>>>>

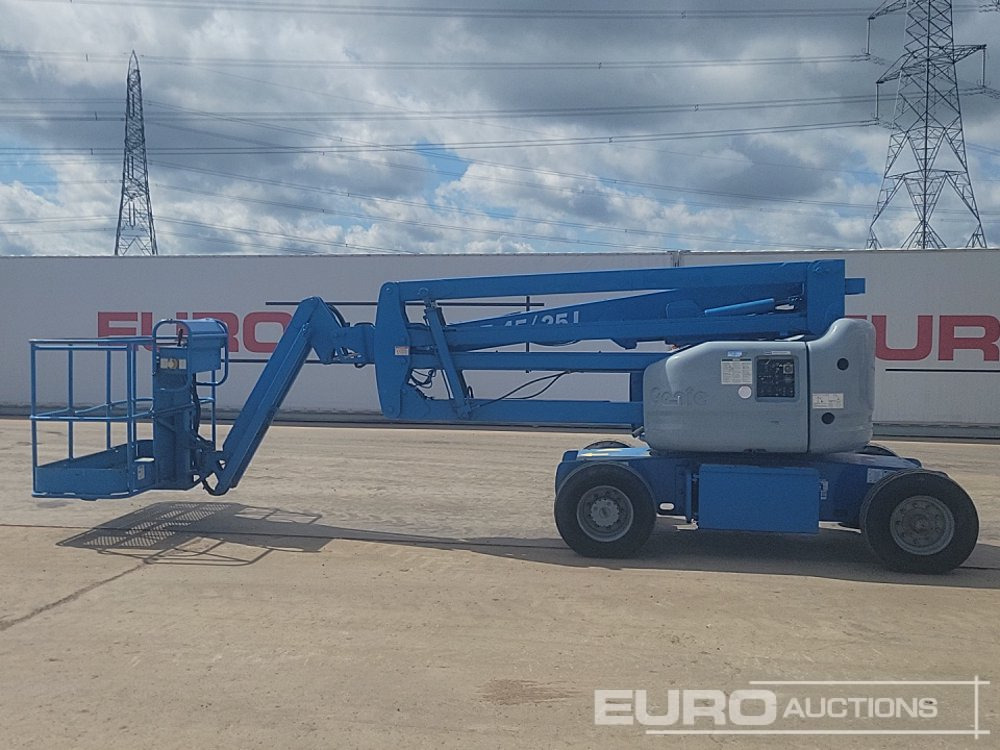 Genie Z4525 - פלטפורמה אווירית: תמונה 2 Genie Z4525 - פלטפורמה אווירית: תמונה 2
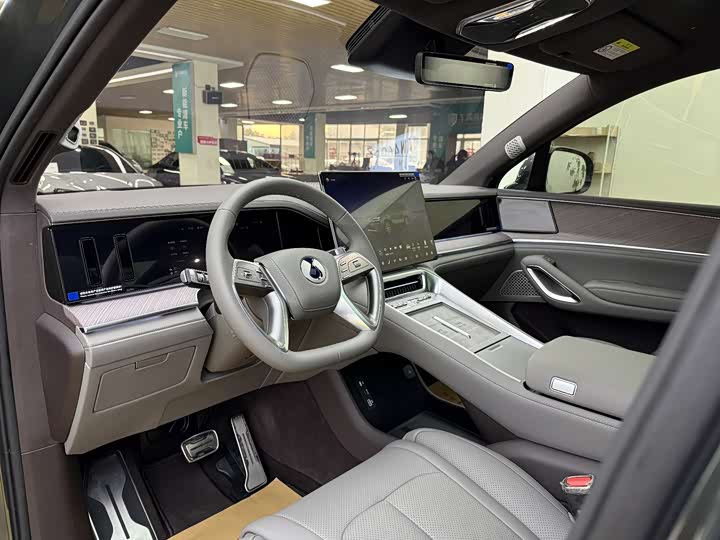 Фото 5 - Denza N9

<<<<
>>>>

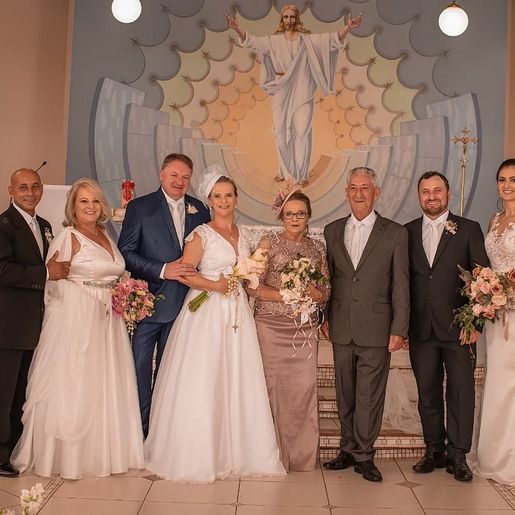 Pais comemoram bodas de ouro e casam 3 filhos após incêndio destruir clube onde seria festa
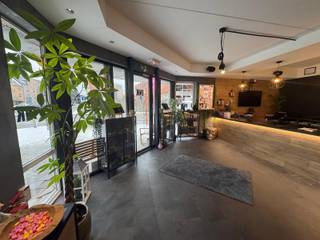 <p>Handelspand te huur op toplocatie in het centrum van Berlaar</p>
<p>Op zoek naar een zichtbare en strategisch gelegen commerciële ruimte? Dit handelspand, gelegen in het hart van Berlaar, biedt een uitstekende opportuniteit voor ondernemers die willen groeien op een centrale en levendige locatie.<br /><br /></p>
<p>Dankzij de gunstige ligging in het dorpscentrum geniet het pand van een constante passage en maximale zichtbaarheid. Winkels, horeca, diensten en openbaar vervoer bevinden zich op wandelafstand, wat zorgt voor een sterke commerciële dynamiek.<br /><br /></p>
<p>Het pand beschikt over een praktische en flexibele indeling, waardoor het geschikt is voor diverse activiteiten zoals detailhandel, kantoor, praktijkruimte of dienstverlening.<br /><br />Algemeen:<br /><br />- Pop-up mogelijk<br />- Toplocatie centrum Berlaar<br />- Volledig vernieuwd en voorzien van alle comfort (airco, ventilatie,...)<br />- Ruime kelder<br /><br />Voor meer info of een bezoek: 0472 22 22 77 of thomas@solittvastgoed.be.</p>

<<<<

Copy exactly the lines of the entries above from the one containing "Genie Z4525 - פלטפורמה אווירית: תמונה 2 Genie" through the one containing "Фото 5 - Denza N9". Both end lines count; pictures do not.

 Genie Z4525 - פלטפורמה אווירית: תמונה 2 Genie Z4525 - פלטפורמה אווירית: תמונה 2
 Фото 5 - Denza N9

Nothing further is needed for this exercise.